Hirayama vereint in seiner Person scheinbar Widersprüchliches. Er geht mit unerschütterlicher Gemütsruhe und leidenschaftlich genauer Gründlichkeit seiner Arbeit nach. Diskret zieht er sich zurück, wenn jemand mal dringend muss, während er noch putzt. Handelt es sich um einen Betrunkenen, der anschließend zum Dank das vor der Tür platzierte Warnschild unachtsam zur Seite tritt, stellt Hirayama es kommentarlos wieder auf. Selbst sein trotteliger jüngerer Kollege Takashi (Tokio Emoto), der gern zu spät kommt, eher mäßiges Engagement zeigt und regelmäßig Hilfe aller Art beansprucht, bringt Hirayama nicht aus dem Trott.
„Perfect Days“. Regie: Wim Wenders. Mit Kōji Yakusho, Arisa Nakano u. a. Japan 2023, 123 Min.
Doch Hirayama lebt zugleich allein, einsame Gewohnheiten bestimmen seine Tage, ob im öffentlichen Bad nach Feierabend oder dem Abendessen im Lokal, wo er stets freundlich gegrüßt und geachtet wird. Wenders inszeniert ihn wie einen Sisyphos im Dienst der Allgemeinheit, als jemanden, der sich im Ewiggleichen nicht lediglich einzurichten weiß, sondern damit sogar glücklich sein kann. Dass er noch andere Neigungen und Bedürfnisse als Putzen hat, streut Wenders andererseits regelmäßig in den Alltag Hirayamas ein.

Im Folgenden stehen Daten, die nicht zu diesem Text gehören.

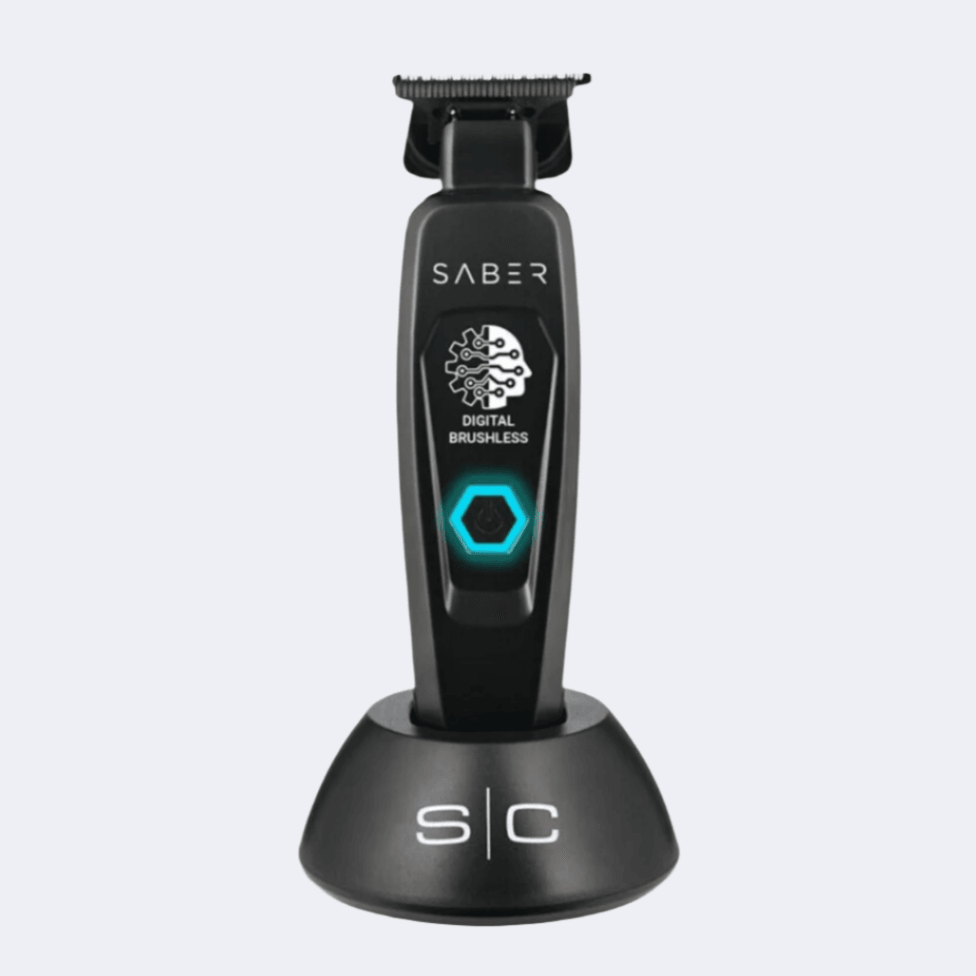 StyleCraft Saber II Clipper Gold + Saber Professional Trimmer Black Combo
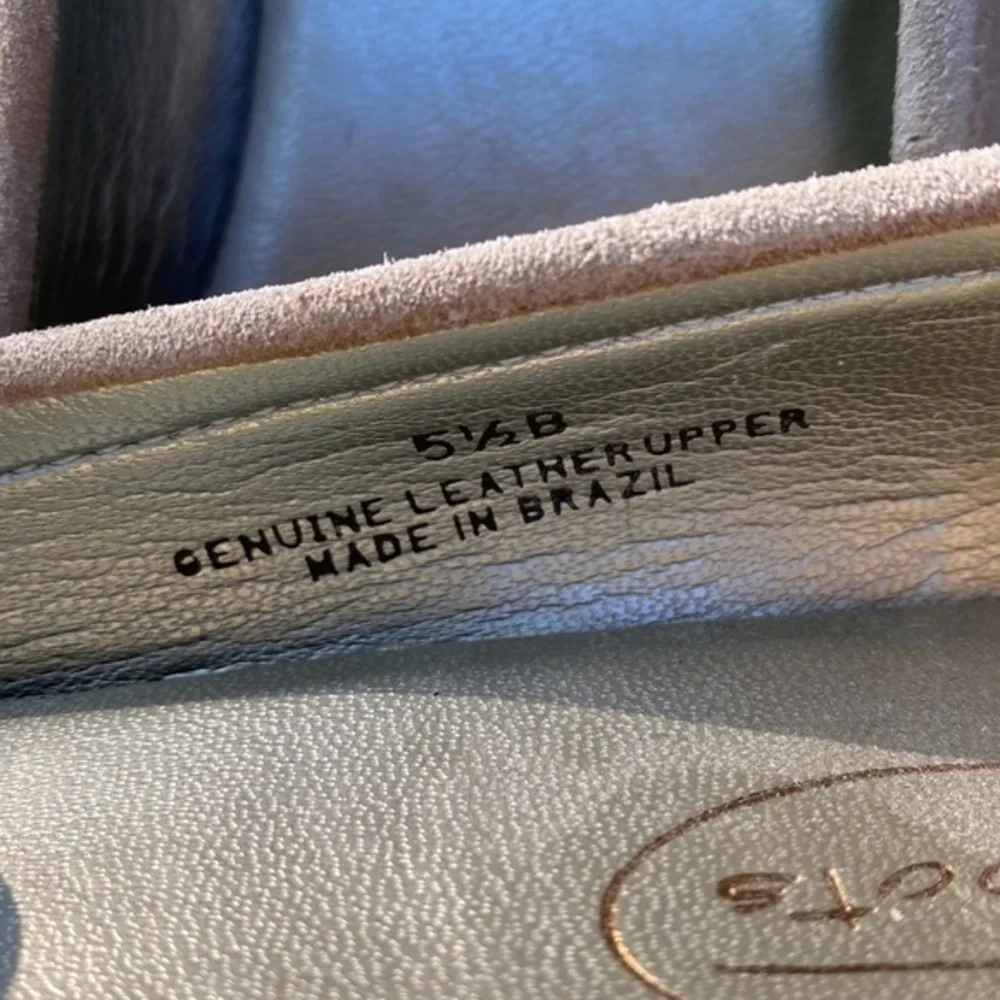 Talbots Suede Kiltie Tassel Loafer Pumps Tan Beige Size 5.5B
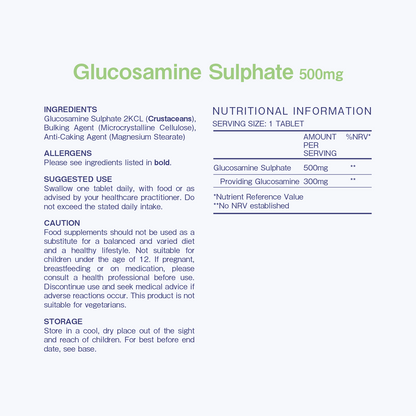 GLUCOSAMINE SULF CP 500MG 60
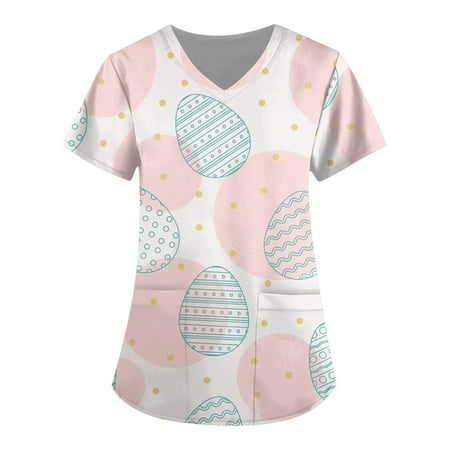 Fragarn Scrub Tops Women Print Print Nurse Uniforms for Women Short Sleeve V-Neck Shirts Tee Tops with Pockets(White L)
Fragarn Scrub Tops Women Print Print Nurse Uniforms for Women Short Sleeve V-Neck Shirts Tee Tops with Pockets(White L)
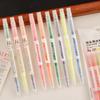 Dual-Tip Highlighter Set for Planners - Student Colored Outline Marker Pens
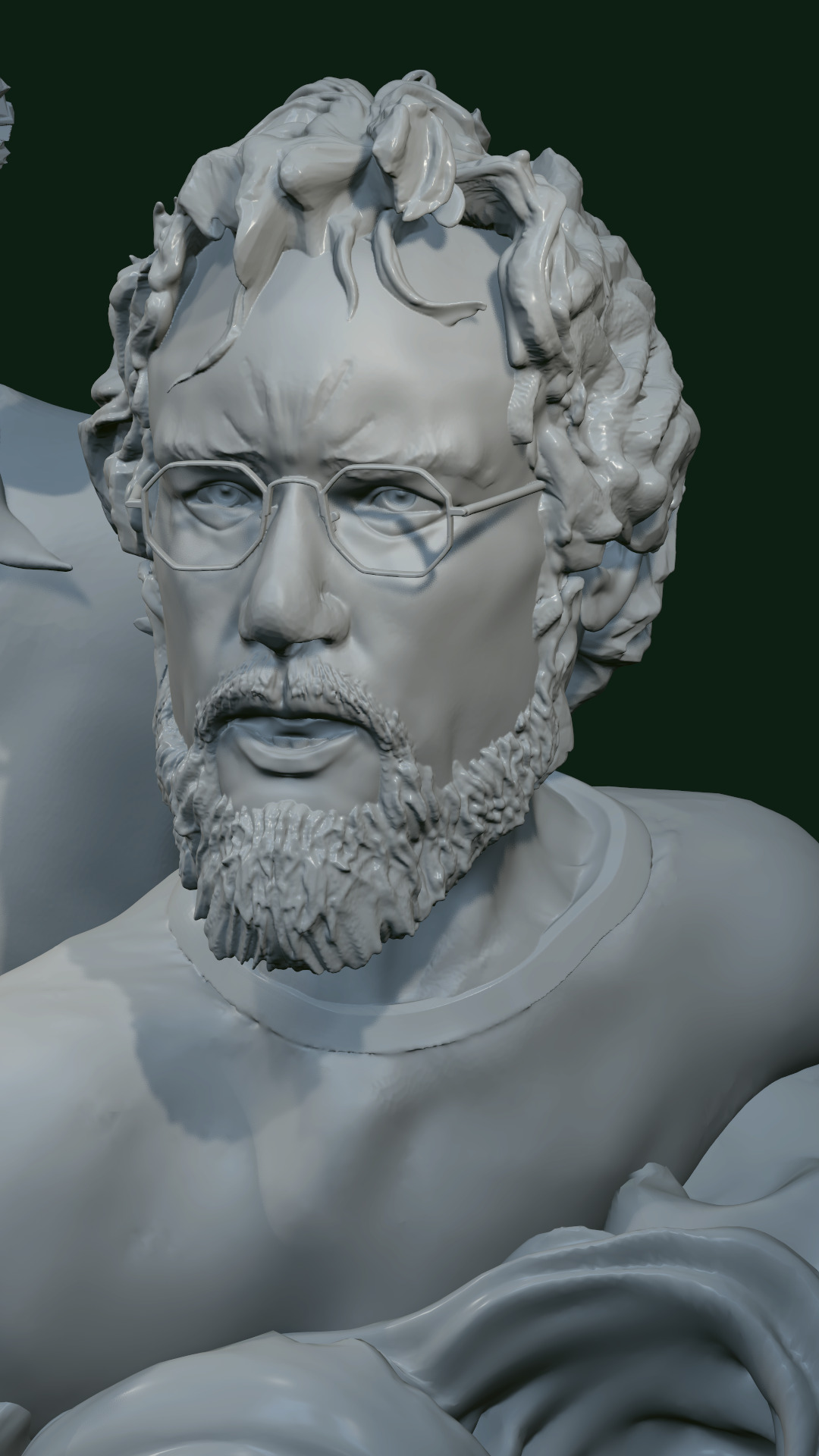 Jaws model - character busts 3D print model_10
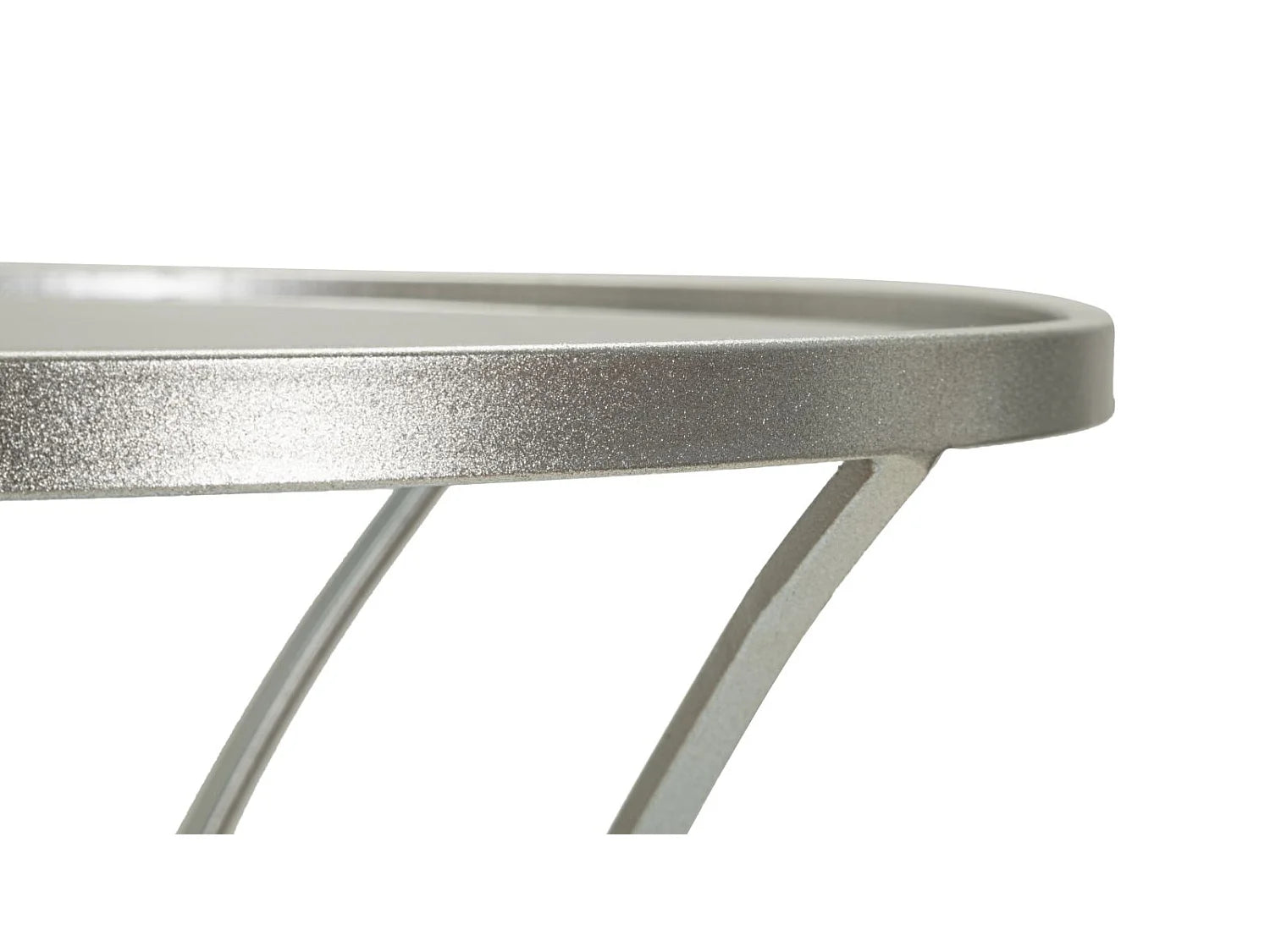 Bout de canapé haut métal plateau verre fumé – VESPA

Lässt ihn nachts im Bett Faulkner lesen, an freien Tagen in einem Antiquariat neue Bücher erstehen und in seinen Arbeitspausen mit einer alten Analogkamera Fotos von Bäumen machen.
Die Aufnahme von Bäumen, deren Blätter im Wind rauschen, ist gleich zu Beginn das erste Bild des Films, und Bäume begleiten Hirayama durch dessen ganze Geschichte. Als Schatten auf einer Toilettenwand oder im Schlaf, mit Träumen, die in Schwarzweißbildern flirren, einzelne Tagesreste als fotografisches Detail herausgreifend. In seiner Wohnung züchtet er, Wenders ist da mit seiner Figur sehr konsequent, Setzlinge von Bäumen zu Bonsais heran. Warum Hirayama von Bäumen so fasziniert ist, erfährt man nicht. Ebenso wenig erfährt man, was ihn in seine gegenwärtige Lage gebracht hat.
Er hält sich auf Abstand
Dass Hirayama hingegen kein Einzelgänger ohne jegliche Beziehung zu anderen ist, erfährt man in der zweiten Hälfte des Films. Auch da gibt Wenders nur knappste Hinweise auf eine Vergangenheit dieses Mannes. Frauen in seiner Umgebung grüßt er höflich, ansonsten hält er sich merklich auf Abstand zu ihnen. Warum er allein lebt, bleibt, wie einiges andere, offen.
Man braucht es nicht zu erfahren. Er ist für Wenders anscheinend so gegenwärtig wie der von Lou Reed im titelgebenden Song „Perfect Day“ beschriebene Tag oder die Licht- und Schattenspiele der Blätter, die zu fotografieren Hirayama nicht müde wird. Wie er an einer Stelle sagt, er spricht vermutlich kaum mehr als zehn vollständige Sätze im Film: „Nächstes Mal ist nächstes Mal. Jetzt ist jetzt.“
Hirayamas Beruf des Toilettenputzers verleitet zu der Frage, ob Wenders, der dem Kitsch bei Gelegenheit mehr Raum als nötig gestattet, mit diesem Vorhaben ein Plädoyer für die Würde der Arbeit vorschwebte. Für derlei Interpretationen ist „Perfect Days“ jedoch denkbar ungeeignet. Dafür sind die Orte, an denen Hirayama im Einsatz ist, einfach zu schön. Und zu gepflegt. Umgekehrt könnte man in dieser Hinwendung zu etwas, das man sonst als gegeben voraussetzt, ein Plädoyer für die Würde des Klos erkennen. Dagegen gibt es nichts einzuwenden.